> Directions:
Using the listing below, please print exactly the lines from the one with "Chef whisking matcha" through the one with "Pebulutangkis Denmark, Anders". Leave out every picture.

> Data to use:
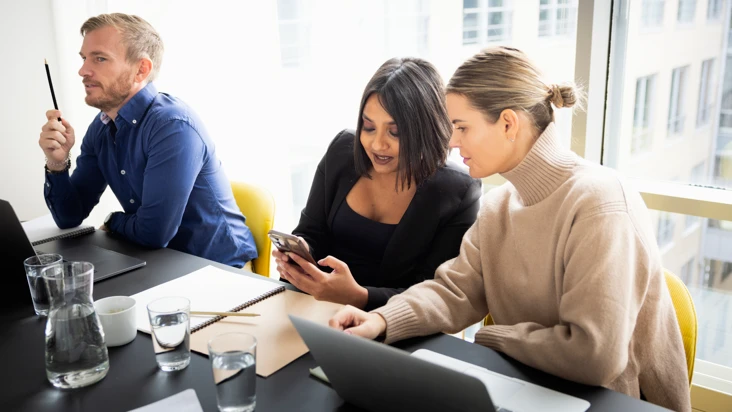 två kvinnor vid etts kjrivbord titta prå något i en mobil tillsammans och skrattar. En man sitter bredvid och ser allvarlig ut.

---

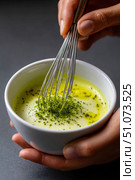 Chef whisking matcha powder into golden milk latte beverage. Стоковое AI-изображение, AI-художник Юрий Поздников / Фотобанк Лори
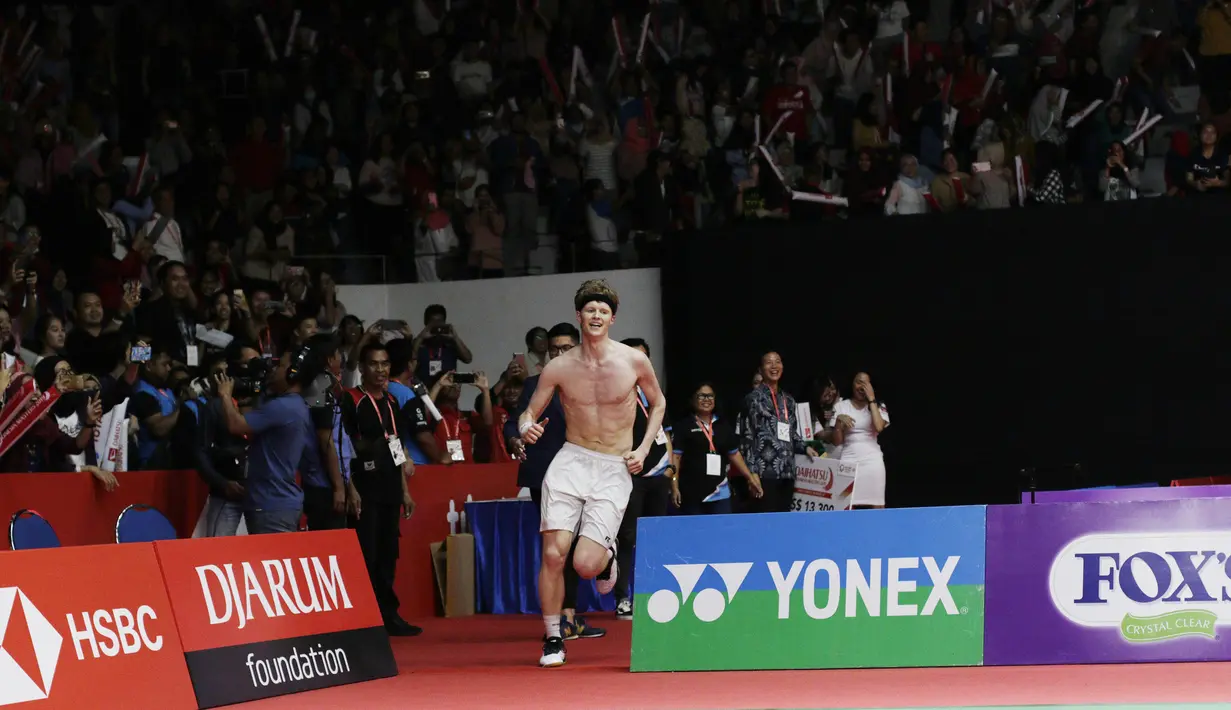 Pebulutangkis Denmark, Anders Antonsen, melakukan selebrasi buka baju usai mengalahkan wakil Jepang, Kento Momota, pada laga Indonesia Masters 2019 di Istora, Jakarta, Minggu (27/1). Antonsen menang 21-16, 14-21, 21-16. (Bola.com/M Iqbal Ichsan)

--

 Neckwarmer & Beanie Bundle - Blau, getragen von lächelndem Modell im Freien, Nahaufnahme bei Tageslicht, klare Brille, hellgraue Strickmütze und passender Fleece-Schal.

> Task answer:
 Chef whisking matcha powder into golden milk latte beverage. Стоковое AI-изображение, AI-художник Юрий Поздников / Фотобанк Лори
 Pebulutangkis Denmark, Anders Antonsen, melakukan selebrasi buka baju usai mengalahkan wakil Jepang, Kento Momota, pada laga Indonesia Masters 2019 di Istora, Jakarta, Minggu (27/1). Antonsen menang 21-16, 14-21, 21-16. (Bola.com/M Iqbal Ichsan)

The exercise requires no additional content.